We already have Denham grumbling about appeals, even using a speech by Mark Zuckerberg about possible regulation in the US as an excuse to demand he drops his appeal against the Facebook fine in the UK. James’ ideas might further suppress the possibility of appealing against ICO decisions. For everyone involved in the sector, this would be a disaster. To borrow James’ inaccurate criminal characterisation of DP enforcement, the ICO is already the investigator, prosecutor and judge – I don’t want to strengthen that hand any more. Moreover, in the interview above, Denham signalled disdain for the concerns of ordinary people, stating that they don’t complain about the right things. As part of its analytics investigation, the ICO has enforced on cases where there have been no complaints. Denham’s ICO need to be challenged, and challenged regularly. The tribunals and the courts frequently give detailed and helpful explanations of how the law works – ICO never produced guidance on consent as useful as the Tribunal’s decision in Optical Express, and whether the ICO wins or loses, all sorts of insights are available in Tribunal decisions.

Nobody appeals lightly.

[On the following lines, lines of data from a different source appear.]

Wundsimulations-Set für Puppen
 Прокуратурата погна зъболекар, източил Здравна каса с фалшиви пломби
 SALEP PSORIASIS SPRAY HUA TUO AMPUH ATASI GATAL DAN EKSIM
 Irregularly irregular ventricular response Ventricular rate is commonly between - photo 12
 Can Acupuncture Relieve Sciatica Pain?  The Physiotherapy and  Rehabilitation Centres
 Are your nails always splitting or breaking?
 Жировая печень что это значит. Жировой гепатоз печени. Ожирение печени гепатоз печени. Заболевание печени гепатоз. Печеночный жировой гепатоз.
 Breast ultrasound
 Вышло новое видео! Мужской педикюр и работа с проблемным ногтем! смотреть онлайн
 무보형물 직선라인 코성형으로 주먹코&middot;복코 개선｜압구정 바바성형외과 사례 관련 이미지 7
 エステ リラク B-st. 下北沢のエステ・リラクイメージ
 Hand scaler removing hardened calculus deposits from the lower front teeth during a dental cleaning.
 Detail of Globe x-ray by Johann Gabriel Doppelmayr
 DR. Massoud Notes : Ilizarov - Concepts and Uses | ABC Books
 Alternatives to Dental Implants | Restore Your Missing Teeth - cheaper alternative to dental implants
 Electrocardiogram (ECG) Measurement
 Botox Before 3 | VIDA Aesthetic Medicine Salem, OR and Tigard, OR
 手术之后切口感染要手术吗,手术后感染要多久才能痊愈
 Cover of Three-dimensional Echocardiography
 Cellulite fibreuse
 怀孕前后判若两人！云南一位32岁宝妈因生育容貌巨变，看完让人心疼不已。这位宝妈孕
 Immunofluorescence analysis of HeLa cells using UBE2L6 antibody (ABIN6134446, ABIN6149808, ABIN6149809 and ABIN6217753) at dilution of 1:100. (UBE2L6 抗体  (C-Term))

Combine Denham’s hostility to challenge with the James Tax, and we might lose vital opportunities for debate and caselaw. You can dismiss this blog as just an opportunity for me to take the piss out of another GDPR certified professional, but James has set himself up as a public campaigner. He wants to change how the ICO is funded and how all controllers are potentially treated. This cannot just pass without scrutiny, especially as he appears to lack both an understanding of the system he wants to change, and the support of the regulator whose powers he wants to alter. If the people arguing for changes don’t even think it’s important what the ICO is called or whether it’s a ‘department’ or not, we should wonder what other important details they have missed.